Richard Curtis Bird, PhD
Professor Molecular Biology and Cancer Genetics
R. Curtis Bird is Professor of Molecular Biology and Cancer Genetics in the Department of Pathobiology and has been at Auburn since 1985. He earned the B.Sc.(Honors) in Biology at McMaster University, Canada, in 1977, and a Ph.D. in Cellular Biology and Molecular Genetics from the Department of Zoology from the University of Toronto, Canada, in 1982. His doctoral research focused on the molecular and cellular biology of the cell cycle and the regulation of tubulin synthesis. He was awarded a Medical Research Council Post-Doctoral Fellowship in Molecular Biology, at the School of Medicine, Memorial University, St. John’s, in 1981 and continued his post-doctoral training in Molecular Biology and Genetics/Microbiology, at the University of Guelph, in 1983. His post-doctoral research focused on the regulation of mRNA transcription and degradation mechanisms during myoblast development.
My laboratory investigates the regulatory mechanisms that control the expression and function of genes that control a cell’s ability to proliferate. We are applying the knowledge gained from these investigations to better understand the mechanisms by which cancer cells evade the normal restrictions on proliferation that limit the growth of normal cells. These investigations have allowed us to design strategies for the inhibition of cancer cell proliferation through direct suppression of oncogene expression, induction of tumor suppressor gene expression and through gene therapy and modification of the immune response by recombinant autologous hybrid-dendritic cell fusion vaccine development.
We employ quantitative PCR, oncogene and tumor suppressor gene cloning and sequencing, gene transfection, selection, cloning and expression, antisense oligonucleotides, subtractive hybridization cDNA cloning, multi-parameter flow cytometry and high-speed cell sorting, as well as promoter and transcript analysis to study cell growth regulation and neoplasia.
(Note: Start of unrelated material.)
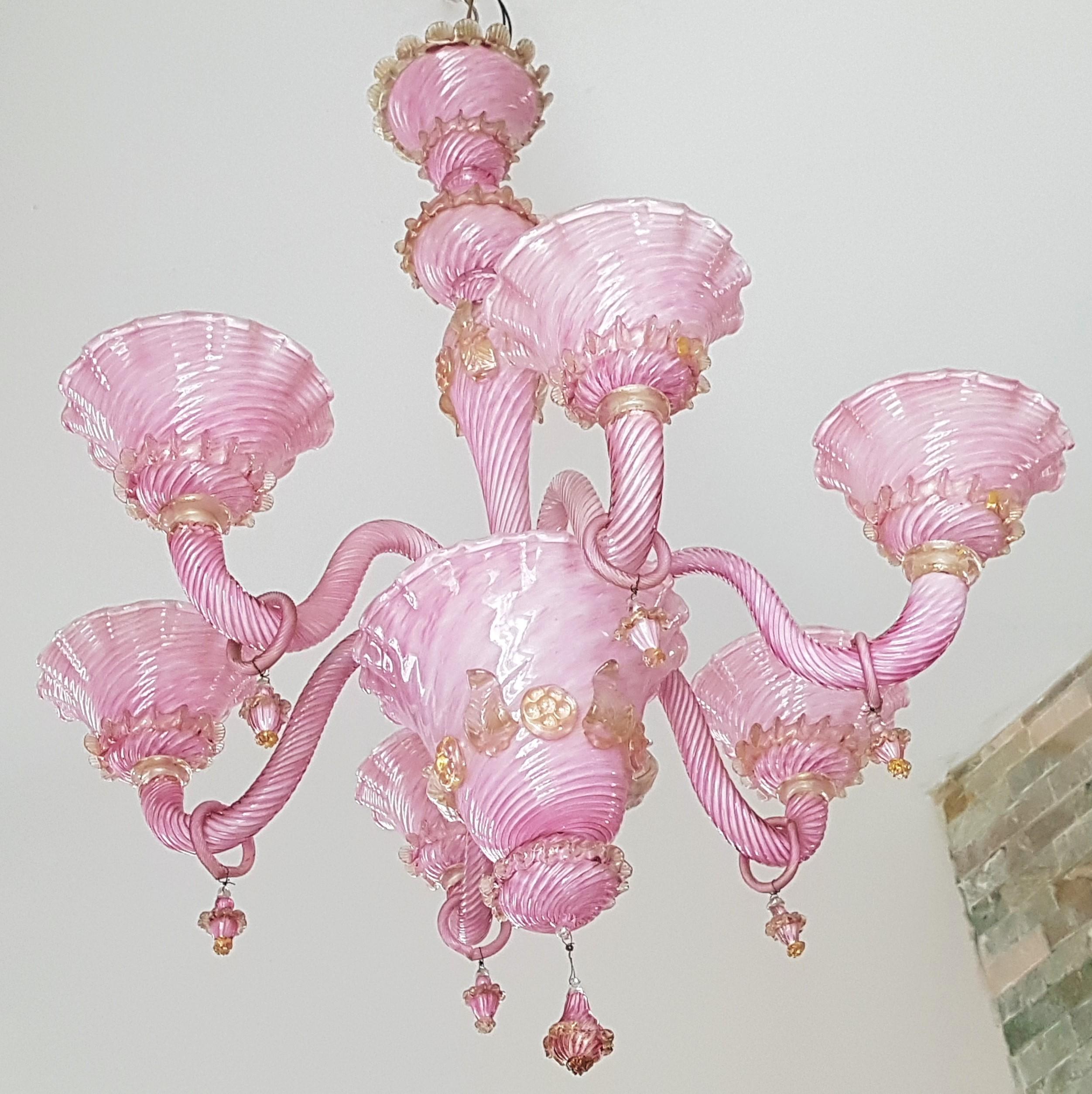Italian Mid Century Murano Pink Glass Chandelier, Italie 1960s For Sale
We have identified defects in expression in canine mammary tumor cells in the oncogenes c-erbB-2 and c-myc and tumor suppressor gene mutations in both p53 and the cyclin-dependent kinase inhibitors p16/INK4A and p21/Cip1. We have also identified CDK1 promoter enhancer elements regulating induction of expression and re-entry into the cell cycle from quiescence. And, we have developed a neoplastic progression model identifying 5-7 key mutations that appear responsible for mammary carcinoma in dogs. This is based on phenotype rescue studies that have included cloning and sequencing of more than 60 canine genes/ORFs associated with cancer and cell proliferation control and are designed to explore the mechanisms by which oncogene and tumor suppressor gene products interact with regulatory activities that drive cell cycle through regulation of the cyclin/CDK complex family. The association between regulation of apoptotic cell death and disruption of the expression and the subcellular localization of these gene products has also been implicated.
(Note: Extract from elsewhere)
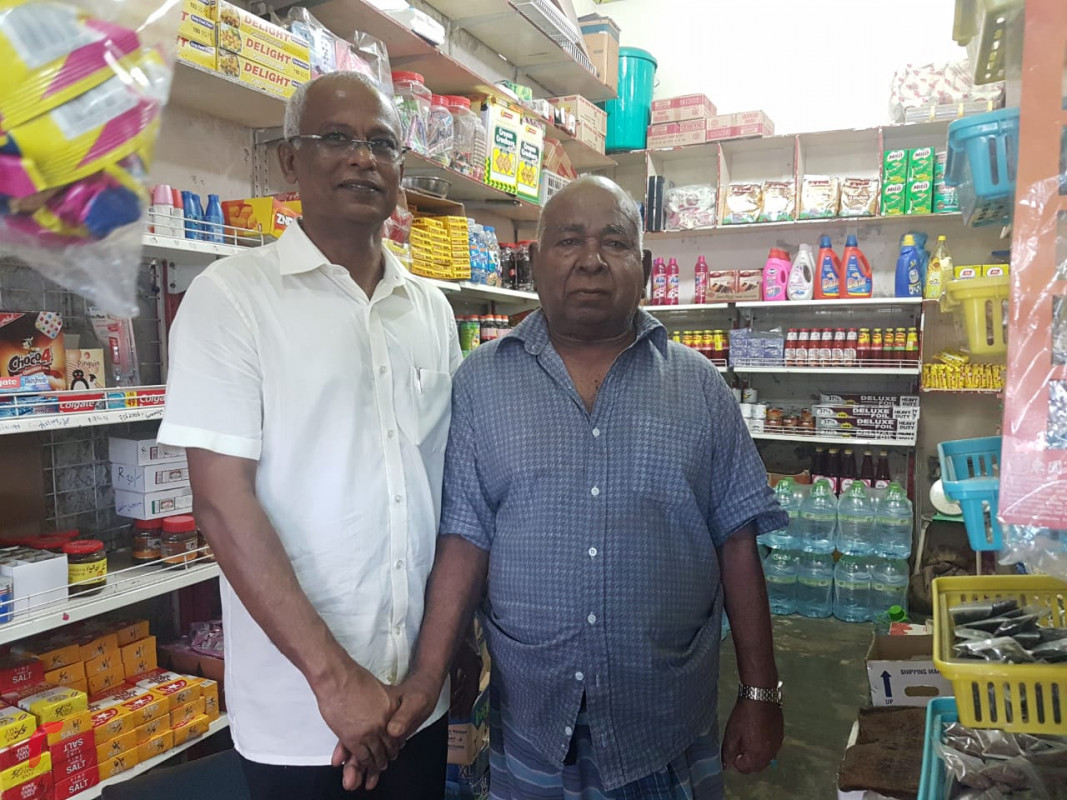 ޖުލައި 7، 2018: އެމްޑީޕީއިން 2018 ވަނަ އަހަރުގެ ރިޔާސީ ކެނޑިޑޭޓް ކަމަށް ވާދަކުރަށްވާ މަޖިލިސް މެމްބަރު އިބްރާހިމް މުހައްމަދު ސޯލިހު ކެމްޕޭން ކުރުމުގެ ގޮތުން ދޮރުން ދޮރަށް ހިންގަވާ ކުރިއަށްގެންދިޔަ ހަރަކާރުގެ ތެރެއިން، ފިހާރައަކަށް ވަޑައިގެން މީހަކާ ބައްދަލުކުރައްވަނި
We are investigating these processes in cancer cells primarily derived from breast/mammary cancer, lymphoma and malignant melanoma in canine and human models. The principle system we study is malignant canine mammary carcinoma because this cancer provides an excellent model of human disease allowing the translation of technologies between species. Development of the canine model has allowed us the opportunity to evaluate new therapeutic models against spontaneously occurring tumors in animals with intact immune systems based on advanced gene and recombinant cell therapies. As part of this analysis, we are investigating the clinical effects of retargeting viral vectors designed to deliver a lethal payload to canine lymphoma cells and the immune modulation induced by autologous hybrid dendritic cell fusion vaccines in dogs with spontaneous cancers. Our goal is to employ knowledge of cancer genetics and immunity to develop better therapies for dogs with cancer and through this effort to translate successful therapies for use in human patients.